View Full Version : [SOLVED:] Extract Numeric Substring From longer String
I have a rather long string, actually a short paragraph, from which I want to extract a numeric string and put it into a new string.
The length of the numeric string will vary but between 7 and 12 digits and it will be the only numeric string of this length within the longer main string.
This will be a recurring scenario that I need to regularly run.
I've been looking through various string manipulation methods but don't see a solution.
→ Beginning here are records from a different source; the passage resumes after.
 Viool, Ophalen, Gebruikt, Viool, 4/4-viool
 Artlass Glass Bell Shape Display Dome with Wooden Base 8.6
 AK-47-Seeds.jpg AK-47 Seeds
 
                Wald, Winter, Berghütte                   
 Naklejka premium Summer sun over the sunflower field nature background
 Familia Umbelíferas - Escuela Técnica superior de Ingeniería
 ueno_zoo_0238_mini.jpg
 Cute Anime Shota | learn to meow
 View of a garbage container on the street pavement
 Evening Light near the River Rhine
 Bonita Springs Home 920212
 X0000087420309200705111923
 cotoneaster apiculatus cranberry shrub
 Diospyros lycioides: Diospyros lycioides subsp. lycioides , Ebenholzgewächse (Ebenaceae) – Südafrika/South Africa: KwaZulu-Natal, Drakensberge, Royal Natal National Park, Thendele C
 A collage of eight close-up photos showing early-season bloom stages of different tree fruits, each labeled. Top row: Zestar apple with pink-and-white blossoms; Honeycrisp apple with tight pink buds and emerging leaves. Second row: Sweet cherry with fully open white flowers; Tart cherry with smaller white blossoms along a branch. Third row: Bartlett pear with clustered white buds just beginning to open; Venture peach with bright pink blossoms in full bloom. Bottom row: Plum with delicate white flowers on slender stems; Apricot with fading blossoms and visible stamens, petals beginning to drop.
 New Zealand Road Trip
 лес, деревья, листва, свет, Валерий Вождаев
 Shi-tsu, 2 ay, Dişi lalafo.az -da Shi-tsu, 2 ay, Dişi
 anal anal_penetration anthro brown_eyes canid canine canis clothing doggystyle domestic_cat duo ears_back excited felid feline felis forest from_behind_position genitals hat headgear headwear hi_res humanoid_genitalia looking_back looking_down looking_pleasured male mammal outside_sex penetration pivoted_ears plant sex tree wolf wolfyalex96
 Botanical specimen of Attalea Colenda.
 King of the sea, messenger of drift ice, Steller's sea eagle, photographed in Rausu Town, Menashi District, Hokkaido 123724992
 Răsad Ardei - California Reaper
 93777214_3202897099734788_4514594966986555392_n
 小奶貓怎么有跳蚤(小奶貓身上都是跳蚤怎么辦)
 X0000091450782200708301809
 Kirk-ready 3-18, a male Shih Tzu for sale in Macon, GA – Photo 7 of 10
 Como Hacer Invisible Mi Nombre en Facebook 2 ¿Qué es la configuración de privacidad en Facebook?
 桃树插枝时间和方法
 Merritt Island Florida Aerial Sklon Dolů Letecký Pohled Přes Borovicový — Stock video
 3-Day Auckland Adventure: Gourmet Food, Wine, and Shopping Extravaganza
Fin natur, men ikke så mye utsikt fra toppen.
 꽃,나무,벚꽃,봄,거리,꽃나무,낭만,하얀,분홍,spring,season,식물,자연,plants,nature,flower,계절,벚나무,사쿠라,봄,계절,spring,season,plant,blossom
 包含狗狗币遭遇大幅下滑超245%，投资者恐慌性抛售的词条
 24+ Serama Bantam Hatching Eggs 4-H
Note, although I posted this in Excel thread I want to work with the string in VBA, not interact with a worksheet to resolve the string.
Any assistance?
Paul_Hossler
04-25-2017, 06:37 PM
I'd try something like this
Option Explicit
Sub test()
Dim s As String
s = "asfadsfasdf12345678qwerqwerqwer"
MsgBox ExtractNumbers(s)
s = "12345678qwerqwerqwer"
MsgBox ExtractNumbers(s)
s = "asfadsfasdf12345678"
MsgBox ExtractNumbers(s)
s = "asfadsfasdf123qwerqwerqwer"
MsgBox ExtractNumbers(s)
s = "asfadsfasdf12345678qwer987654321qwerqwer"
MsgBox ExtractNumbers(s)
End Sub
Function ExtractNumbers(s As String) As String ' could be a Long
Dim s1 As String
Dim i As Long
s1 = s
'remove letters at left
Do While Not Left(s1, 1) Like "[0-9]" And Len(s1) > 0
s1 = Right(s1, Len(s1) - 1)
Loop
'remove letters at right
Do While Not Right(s1, 1) Like "[0-9]" And Len(s1) > 0
s1 = Left(s1, Len(s1) - 1)
Loop
If Len(s1) >= 7 And Len(s1) <= 12 And IsNumeric(s1) Then
ExtractNumbers = s1
End If
End Function
Thank you for that.
I tried an approximation of the string I will be using (below) but got a blank message box. Trying to extract the "50994121"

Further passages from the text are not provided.